I’m not sure I need any more access to alcohol than I already have. Alcohol is good for me, and for most other people, when applied in small doses on a regular basis and as an ordinary part of ordinary life; part, you might say, of a civilized diet and as a useful lubricant of the social scene.
I have ample opportunity for access to alcohol at home and in pubs, taverns and bars; there may be some slight inconvenience, now and again, with finding just the right place to enjoy a drink alone or with friends, whether in quiet contemplation, thoughtful conversation, communal sports-watching or a rowdy party.
That is part of the enjoyment of a drinker’s habit; the process of finding the ideal site for drinking, the hunt for habitat, is part of the fun.
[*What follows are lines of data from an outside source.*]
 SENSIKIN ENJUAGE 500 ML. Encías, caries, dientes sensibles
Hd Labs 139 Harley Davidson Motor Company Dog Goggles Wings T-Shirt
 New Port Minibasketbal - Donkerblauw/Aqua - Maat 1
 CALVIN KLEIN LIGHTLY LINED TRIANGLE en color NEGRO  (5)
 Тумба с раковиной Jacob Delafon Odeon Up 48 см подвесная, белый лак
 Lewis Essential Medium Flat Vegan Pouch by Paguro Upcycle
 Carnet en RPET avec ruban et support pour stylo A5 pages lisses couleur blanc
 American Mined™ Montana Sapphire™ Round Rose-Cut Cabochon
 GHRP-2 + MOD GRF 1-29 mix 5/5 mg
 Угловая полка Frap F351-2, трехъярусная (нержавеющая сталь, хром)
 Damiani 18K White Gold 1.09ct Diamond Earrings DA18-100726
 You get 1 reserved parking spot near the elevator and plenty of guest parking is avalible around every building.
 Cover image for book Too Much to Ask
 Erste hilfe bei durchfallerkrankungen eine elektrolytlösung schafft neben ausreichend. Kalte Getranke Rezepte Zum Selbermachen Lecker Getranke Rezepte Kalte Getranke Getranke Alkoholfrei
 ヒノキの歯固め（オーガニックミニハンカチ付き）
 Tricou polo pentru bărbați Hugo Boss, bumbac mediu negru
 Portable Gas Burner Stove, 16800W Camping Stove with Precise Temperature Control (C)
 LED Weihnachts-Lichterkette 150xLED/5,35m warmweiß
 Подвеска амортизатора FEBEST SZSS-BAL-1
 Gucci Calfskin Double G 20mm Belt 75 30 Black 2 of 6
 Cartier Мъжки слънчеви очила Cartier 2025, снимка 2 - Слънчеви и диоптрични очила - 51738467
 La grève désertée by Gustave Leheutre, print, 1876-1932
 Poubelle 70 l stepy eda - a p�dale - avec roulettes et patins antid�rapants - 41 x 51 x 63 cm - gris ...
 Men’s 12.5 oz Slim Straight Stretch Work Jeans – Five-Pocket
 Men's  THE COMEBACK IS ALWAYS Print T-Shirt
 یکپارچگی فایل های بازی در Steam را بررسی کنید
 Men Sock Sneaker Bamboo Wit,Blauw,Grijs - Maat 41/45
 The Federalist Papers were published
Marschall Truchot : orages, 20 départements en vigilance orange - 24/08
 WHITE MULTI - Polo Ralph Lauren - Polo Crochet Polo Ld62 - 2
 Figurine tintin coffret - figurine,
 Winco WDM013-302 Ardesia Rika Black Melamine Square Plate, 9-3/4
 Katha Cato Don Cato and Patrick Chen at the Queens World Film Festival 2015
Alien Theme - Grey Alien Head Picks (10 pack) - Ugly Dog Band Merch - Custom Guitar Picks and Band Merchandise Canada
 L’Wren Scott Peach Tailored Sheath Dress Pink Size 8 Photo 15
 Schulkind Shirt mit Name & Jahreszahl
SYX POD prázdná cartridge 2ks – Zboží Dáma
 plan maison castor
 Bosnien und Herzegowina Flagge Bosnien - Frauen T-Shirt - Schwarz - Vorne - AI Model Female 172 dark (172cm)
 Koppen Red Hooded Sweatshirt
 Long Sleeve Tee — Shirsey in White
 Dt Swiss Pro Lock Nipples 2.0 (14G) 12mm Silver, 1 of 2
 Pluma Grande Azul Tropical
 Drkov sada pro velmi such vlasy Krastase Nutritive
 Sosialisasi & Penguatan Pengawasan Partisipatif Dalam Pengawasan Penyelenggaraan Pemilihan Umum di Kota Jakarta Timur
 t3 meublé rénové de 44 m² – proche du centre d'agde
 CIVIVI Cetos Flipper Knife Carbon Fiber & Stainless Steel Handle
But opportunities for alcohol are about to be multiplied.
I read in USA Today that, in a new venture, “Whole Foods invites customers to have a drink”; this is a direct quote of the headline in the Money section of the newspaper of Monday. A grocery chain in the pub business for goodness’ sake; will nonsense never end? I guess not — Starbucks is experimenting with beer and wine service at some coffee bars in Seattle.
The CEO of Whole Foods takes the view that “coming out of the recession, people are looking for affordable luxuries and a more intimate experience.” I’m not sure that a Whole Foods grocery store, among the jams, jellies and cornflakes, meats and cheeses, and pushing a wire basket, is a place I would look for an intimate experience nor, come to think of it, an affordable luxury. In fact, it’s a bit of a stretch for me to think of a bottle of beer in those terms.
Other experts say that serving beer and wine on the premises of a grocery store “can lift the entire experience of shopping.” I can understand why that would be a good thing because I cannot think of any activity more than grocery shopping that needs an entire lift.
Curiously, as I write this, I am beginning to warm to the idea of pubs in grocery stores because I can see how it might fit my lifestyle (this is something I have only when in Whole Foods, by the way).
My entire sorry experience of grocery shopping is as a motive force for the cart, that is, to follow faithfully she who shops. Occasionally, I am sent on specific errands around the store to find this or that exact thing. I am never dispatched to fetch anything that requires judgment of kind, brand, quality, price, amount or packaging because I will inevitability get it wrong, and must return it whence it came.
One giant advantage of a pub in a grocery store is that I could be sent on an errand and never return or, better yet, I could be deposited at the bar upon entry to be picked up again upon exit.
On this basis, I would recommend that Macy’s and Ann Taylor and Nordstrom also put in convenient pubs — one on each floor — so that poor fellow who can be seen “helping” his spouse sort through endless racks of clothing, as if he has anything to contribute to that enterprise, can be firmly dispatched to the pub. As it is now, the best one can do is find a chair and nod off.
Another expert lauds the idea of bars in grocery stores. “This is about creating community in the store,” he says. I have no idea what this means. He might have been misquoted and actually said, “This is about to create calamity in the store” because another expert commentator gives a nod to the risks involved and warns that it would not be a good thing “if it takes on a life of its own” and gets rowdy.
Now if it takes on a life of its own and gets rowdy, or at least convivial, that is what I understand as community.
What every grocery store needs, I guess, is a group of guys, not needed for shopping even as motive force for the cart, nor anything else for that matter, deposited at the corner bar hoisting a few beers watching football together. That’s community.
Veteran supermarket consultant (I guess there are such people) Howard Solganik says this venture of the Whole Foods grocery chain “in one step achieves everything Whole Foods is trying to do.” This is the concluding sentence of a paragraph that recognizes that bars in grocery stores would be a relatively low-cost way to make a lot of money. I wonder if it works as well the other way around?
Now this I understand. Making money is what stores are supposed to do and they do that best by serving the needs of their customers. I suppose, therefore, that Whole Foods customers are looking for lifting and intimate experiences in a newly created community, though I doubt it.
I think the idea of pubs in grocery stores would work just as well if they were to provide a place for shoppers to sit down and relax for a few minutes and enjoy a reinvigorating libation to counter the enervating activity of — well — grocery shopping.